As we can see, the previous works are oriented to the recognition of basic emotions, predominating the emotions of the Ekman model. On the other hand, although the works have tried to improve the algorithms for convolutional neural networks, an architecture for an educational domain has not been designed and implemented, which is the main point of our work.
Facial expression recognition
Next, we present three methods for recognizing facial expressions. The first two methods were previously reported in other works. These methods are explained to give a proper context of how to they work. The third method is a CNN and we describe the features and parameters used in its architecture.
Local binary pattern
In the work reported in [4] we described how the pattern recognizer was created using LBP. This method is based on the work of Happy [12]. The method detects the nose, mouth, eyebrows, and eyes as separate objects. Those objects are transformed into six separate images. For each image, the following filters are applied (in the order they appear): Gaussian Blur, Sobel, Otsu’s Threshold, Binary Dilation, and Removing Small Objects. Then, the last pixels on left and right ends from eyebrows are established as key points. In the case of nose and eyes, their central positions are established as key points. Using each key point on face, facial patches are calculated. These facial patches has a proportion of one sixteenth of the face width. A LBP uniform operator is applied to each facial patch. The operator has a configuration of 9 neighborhoods with a radius of 2. A LBP operator is applied to each pixel in the facial patch. This action generates a binary number by comparing each pixel value against the center pixel value. When the pixel value is less than the center pixel value then the result is zero, else is one. The histograms obtained from LBP images are utilized as features descriptors. Each histogram is generated with 256 bins. Histograms are concatenated and normalized in a vector. A support vector machine (SVM) classifier receives the histogram and uses a one-vs-the-rest scheme to take multi-class decisions. Figure 1 shows the left-to-right process for extracting features using LBP.

Process to extract features using LBP operator and Facial Patches.
Our work reported in [5] explains how the geometry-based recognizer was developed. First, 68 landmark points are located on the face. These points are located using a template previously trained by dlib software [25]. The points are related to areas of the human face that express an emotion. In these areas of the human face are the lip, eyes, eyebrows, and nose. The face landmarks are a part of all the face features (X and Y coordinate values). However, one problem is that coordinate values may change depending on where the face is located in the photo. To solve that problem, the average value of both axes (X and Y) are calculated, so the center of gravity of all face landmarks is obtained. Those values represent the position of all points relative to the central point. The distances from the center to every landmark points are obtained. Each line has a magnitude (distance between both points) and a direction whose value is an angle in relation to the image where a 0° is the value of a horizontal line. Another issue to consider is that of the tilted faces. It is normal that users move their necks during computing activities. The rotations are corrected by offsetting all calculated angles by the angle of the nose bridge. This rotates the set of feature so that tilted faces become similar to non-tilted faces with the same expression. In this case, the angle is calculated with function arctangent, depending on if the nose bridge is perpendicular to the horizontal plane, for adding or subtracting a compensation value (90 degrees). Coordinates, distances, and angles are concatenated as input inside a support vector machine. Figure 2 shows the feature extraction procedure in this method.

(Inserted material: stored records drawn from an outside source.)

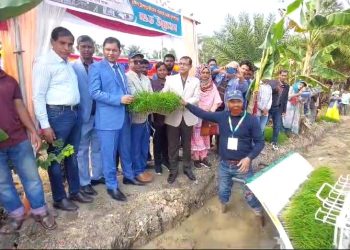 ঝালকাঠিতে রাইস ট্রান্সপ্লান্টারের মাধ্যমে ধানের চারা রোপন কর্মসূচির উদ্বোধন
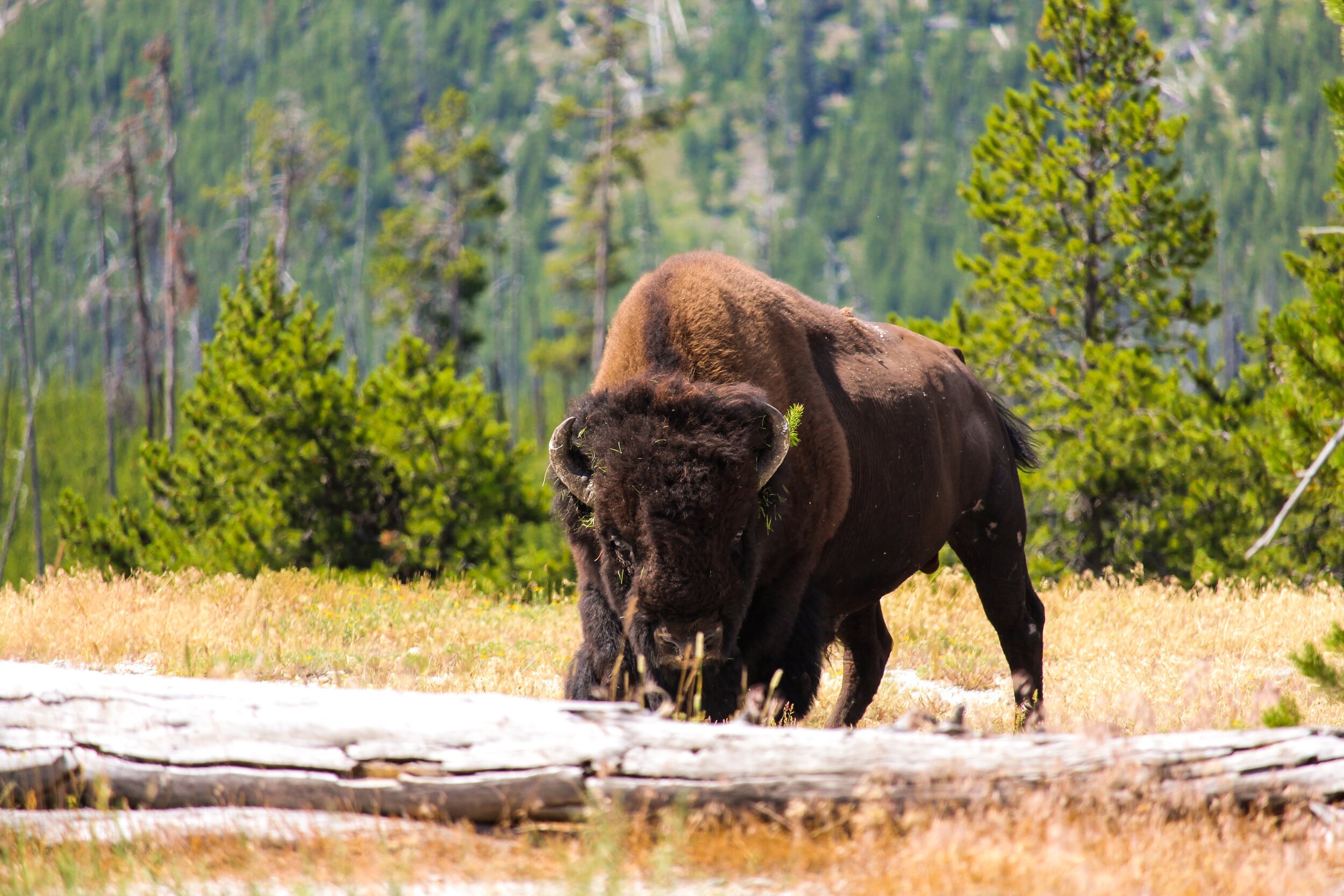 Yellowstone National Park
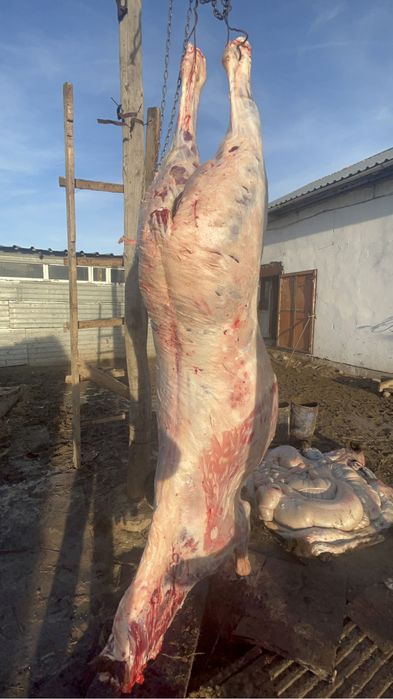 Согым Жирные Лошадей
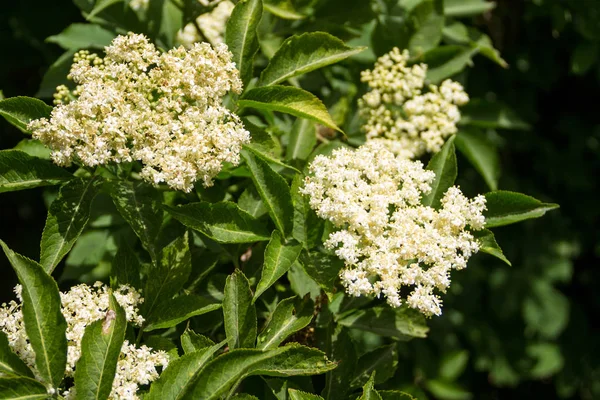 Vit äldre blossom (Sambucus nigra) — Stockfoto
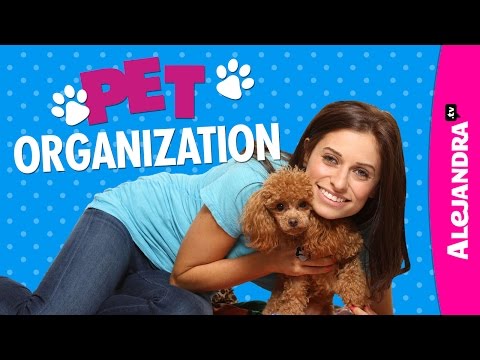 Pet Organization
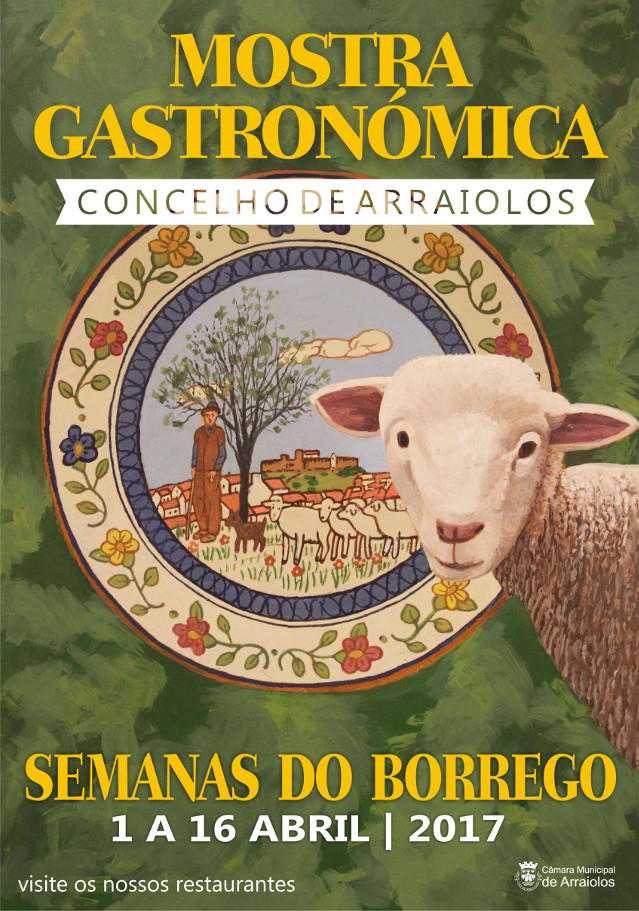 cartaz borrego 2017.jpg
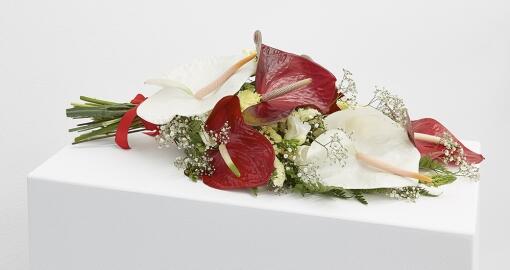 Flowers for Africa, Kapwani Kiwanga. Flowers for Africa, Kapwani Kiwanga.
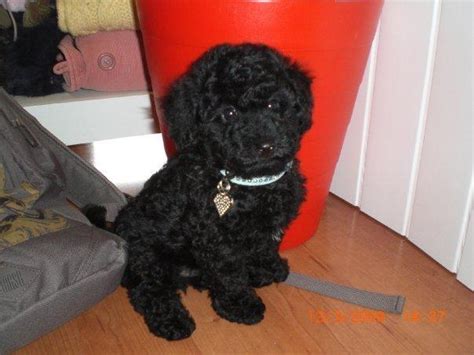 For Sale Black Pure Toy Poodle Male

Process to extract features using geometric-based approach.
Convolutional Neural Networks (CNNs) are represented in a multi-layer architecture. Each layer has a specialized function. The convolutional layers have the goal of extracting features and patterns from the images. The pooling layers have the goal of decreasing the number of final features and reducing bias problems. The neural network layers have the goal of classifying the data obtained from the previous ad-jacent layers. After trying several architectures and based on a similar work (LeNet [27], which uses 2 convolutional layers, 2 max-pooling, and 3 fully connected). The architecture that showed a better performance consists of nine layers (excluding dropout connections); each convolutional layer contains 64 filters. Figure 3 shows the architecture designed, which consists of three convolutional layers, 3 max-pooling layers and 3 fully connected neural networks layers.

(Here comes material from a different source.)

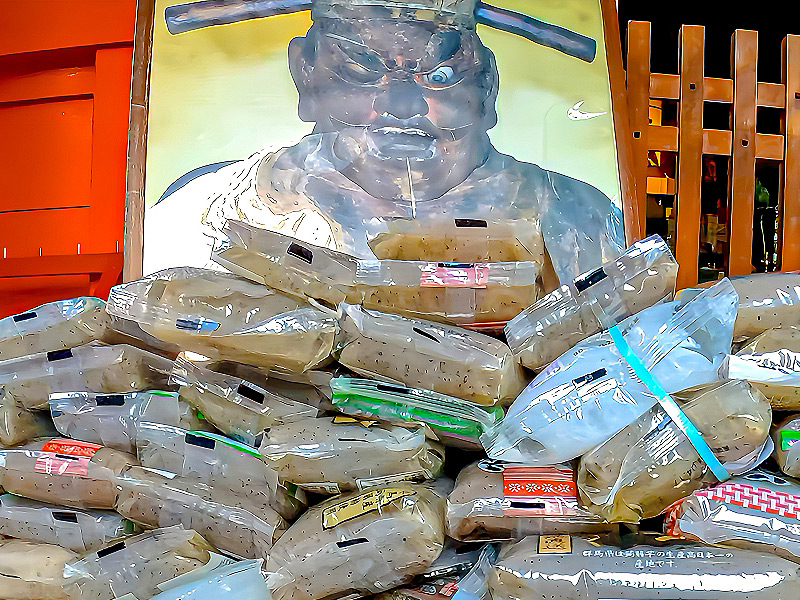 【小石川】境界協会と徳川＆暗渠ゾーンへ！茗荷“谷”と小石“川”を地形で解き明かせ～占春園、家康生母の菩提寺、こんにゃく閻魔…歴史と地形のコラボレーション～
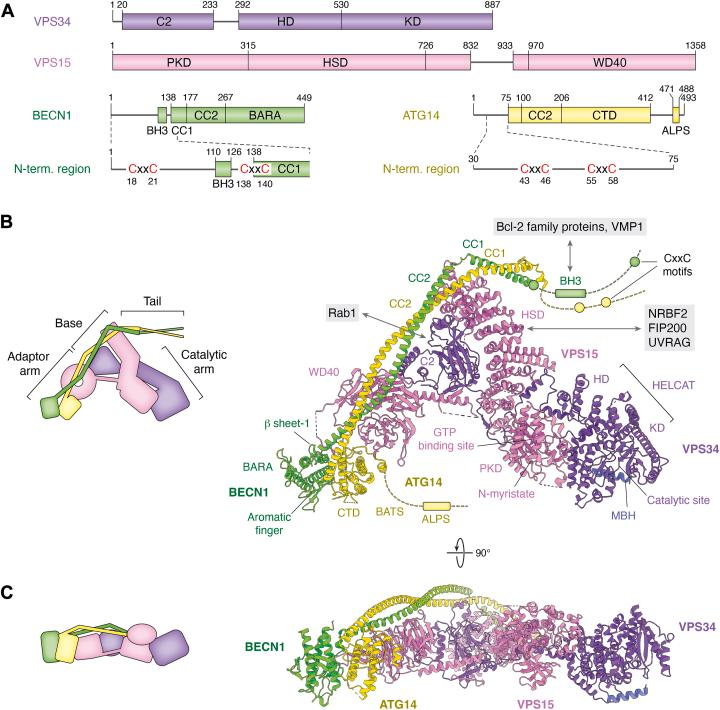 https://cdn.ncbi.nlm.nih.gov/pmc/blobs/c800/12275124/82a9ac4493a4/gr4.jpg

Convolutional neural network architecture.
Preprocessing is not a part of the architecture. However, a CNN has the inconvenience of needing a powerful hardware. The use of filters in a large number of images with multiple dimensionalities causes an important workload on the CPU. Applying a preprocessing step help to achieve converging a CNN model adequately. The process consists of locating a region of interest (ROI) in every facial image. The viola-jones method [26] and OpenCV software were used. After the ROI is located, it is subtracted from the image and transformed to a size of 75×75 pixels. At the end, the image is converted to a grayscale image and saved into a new database.
The convolutional layer
As mentioned above, a convolutional layer applies the mathematical convolution operation or process which consists of 3 elements: one is the data input which is usually expressed as a multidimensional array of data. Another one is the kernel which is a multidimensional array of parameters that are adapted by the learning algorithm. The last element is the output which is known as the feature map. Multidimensional arrays are called tensors. The main idea behind the network is that the kernel can identify the visual patterns that come from the input (edges, lines, colors, etc.) and thus be able to differentiate the visual pattern between the different objects. In the convolutional process, the kernel is overlapped on the input and then a crossover operation is performed, which is equivalent to a convolutional operation. Each value of the input is multiplied by the value at the same position in the kernel and the resulting values are sums that are placed in the output. The process is as follows: first, the kernel is overlapped on top of the input image; second, the product between each number in the kernel and each number in the overlapped input is computed; third, a single number by summing these products together is obtained; fourth, the obtained number is set in a convolutional output; fifth and last, the kernel is moved to the next section in the input image. An example of the convolution process for a part of the face is shown in Fig. 4, where the numbers shown in the figure are just to simplify the example. The patterns we need to detect are more related to the shapes rather than to the colors, so that the images are preprocessed to black and white. This also helps to decrease the dimensionality of both the inputs and the kernel. In addition, a ReLU (Rectified Linear Units) function was added which modifies the values in the convolutional layer without affecting its important properties. The function takes the values of the output and in case they are less than zero, it leaves them in zero. One of the characteristics of the function ReLU is that it has a non-linear property. We consider the function ReLU as part of the activation function of the convolutional layers. The pixel values of the face is interpreted as an array and the kernel is overlapped with an output. In the architecture we placed 3 convolutional layers with the activation function ReLU. The configuration used is a kernel of size 3×3, 64 filters for each one, and a stride of size 1.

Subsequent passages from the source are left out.